:: Exercise description ::
Retype only what runs from the first line of the listing to the line holding "Calvin Klein Black Pointed-Toe Suede Heels", both included. Do not retype the pictures.

:: The records ::
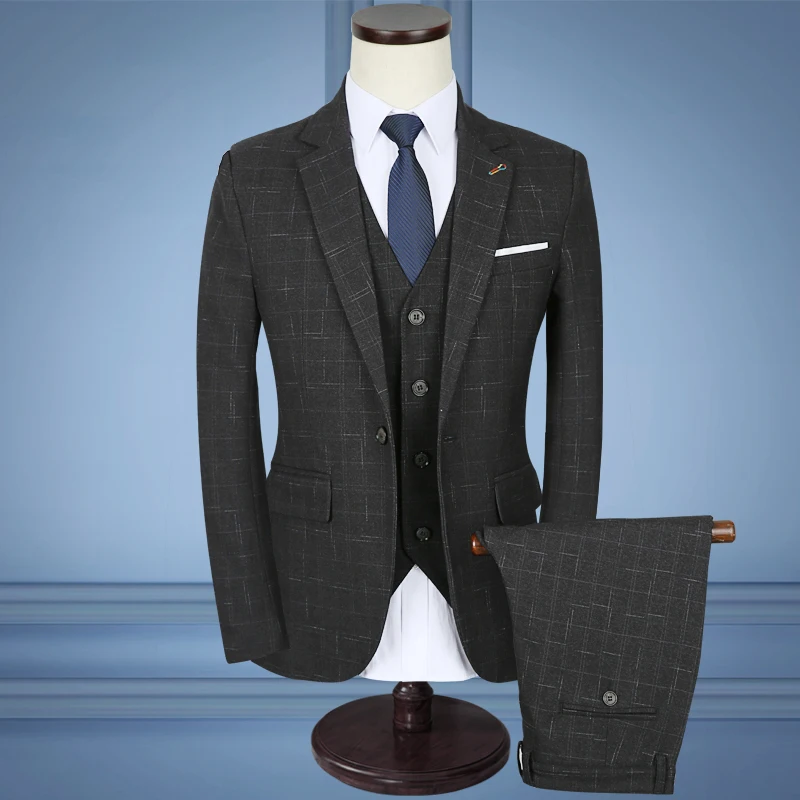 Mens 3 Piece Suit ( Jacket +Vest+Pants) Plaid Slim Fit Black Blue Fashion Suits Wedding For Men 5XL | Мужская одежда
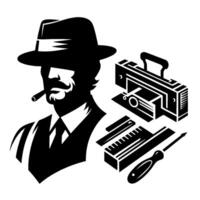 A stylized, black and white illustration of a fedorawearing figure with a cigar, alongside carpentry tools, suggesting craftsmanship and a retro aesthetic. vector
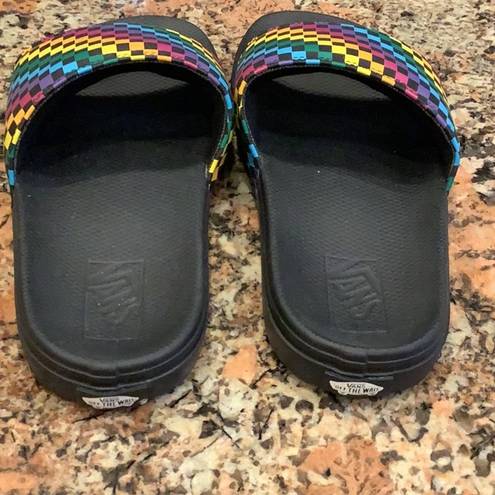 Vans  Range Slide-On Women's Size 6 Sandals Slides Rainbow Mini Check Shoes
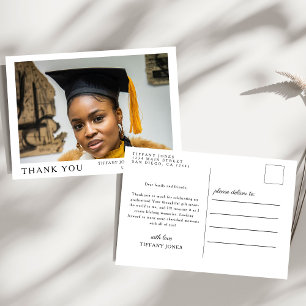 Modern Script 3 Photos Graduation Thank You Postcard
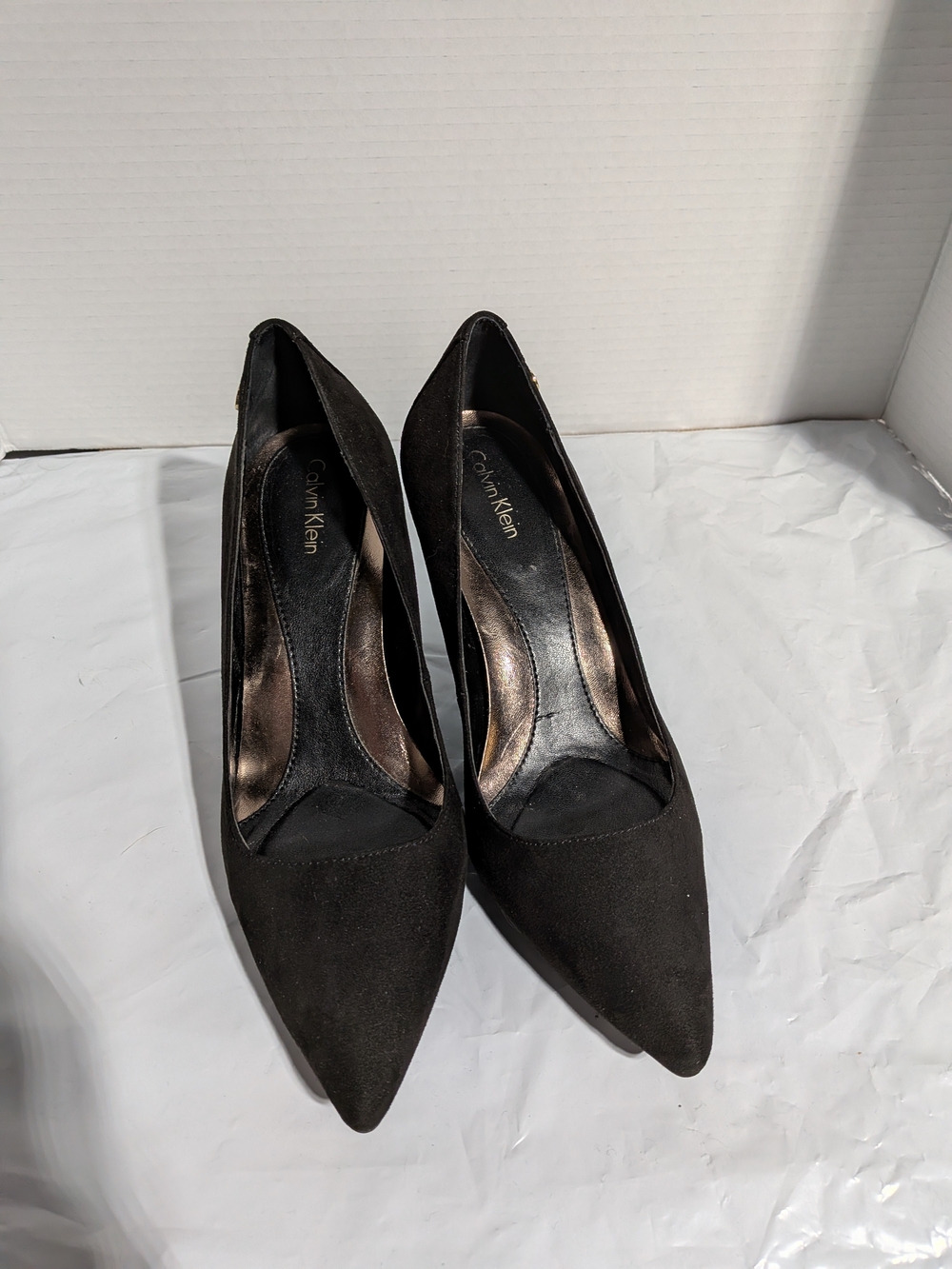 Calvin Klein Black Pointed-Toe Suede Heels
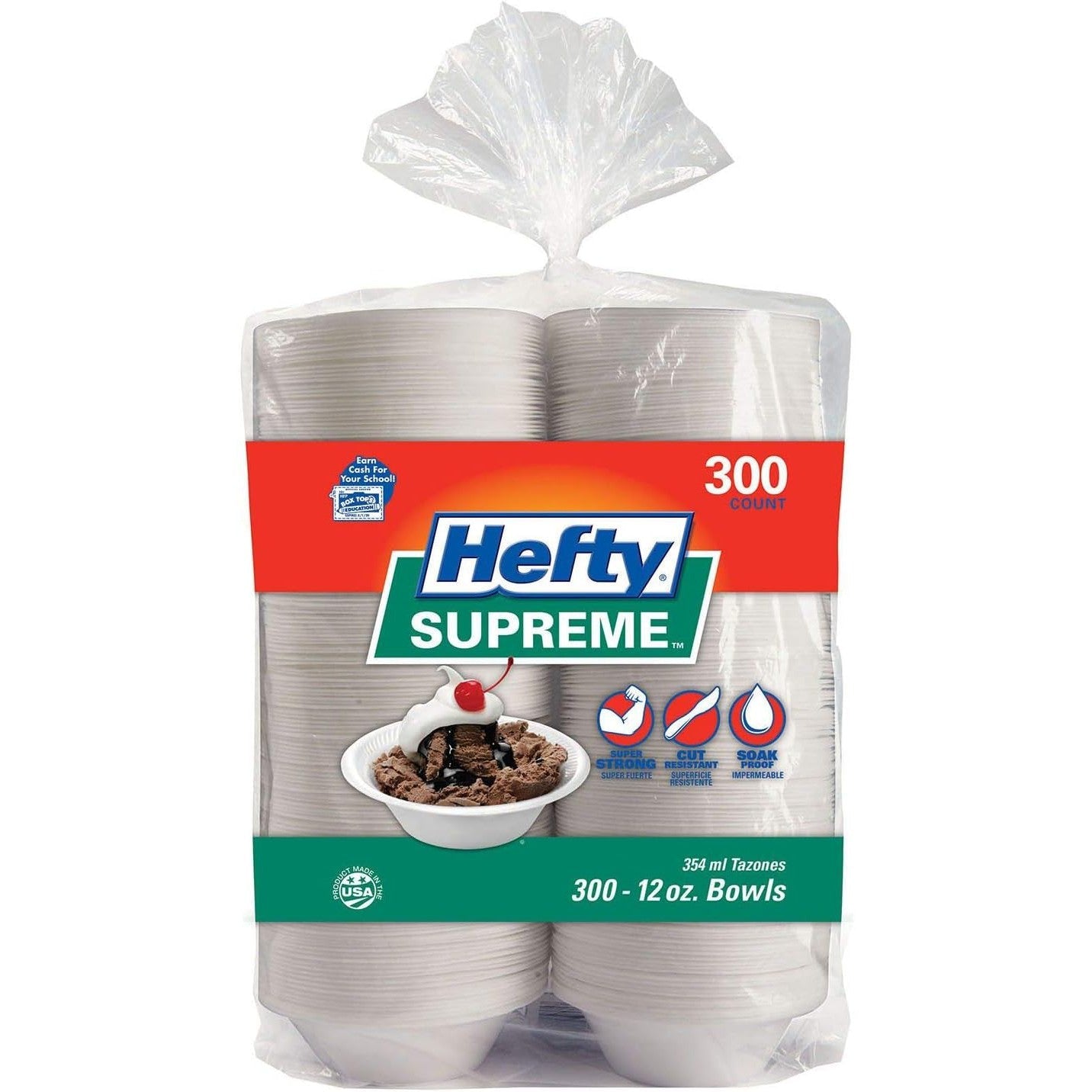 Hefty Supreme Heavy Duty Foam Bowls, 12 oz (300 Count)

:: Response to this exercise ::
 Mens 3 Piece Suit ( Jacket +Vest+Pants) Plaid Slim Fit Black Blue Fashion Suits Wedding For Men 5XL | Мужская одежда
 A stylized, black and white illustration of a fedorawearing figure with a cigar, alongside carpentry tools, suggesting craftsmanship and a retro aesthetic. vector
 Vans  Range Slide-On Women's Size 6 Sandals Slides Rainbow Mini Check Shoes
 Modern Script 3 Photos Graduation Thank You Postcard
 Calvin Klein Black Pointed-Toe Suede Heels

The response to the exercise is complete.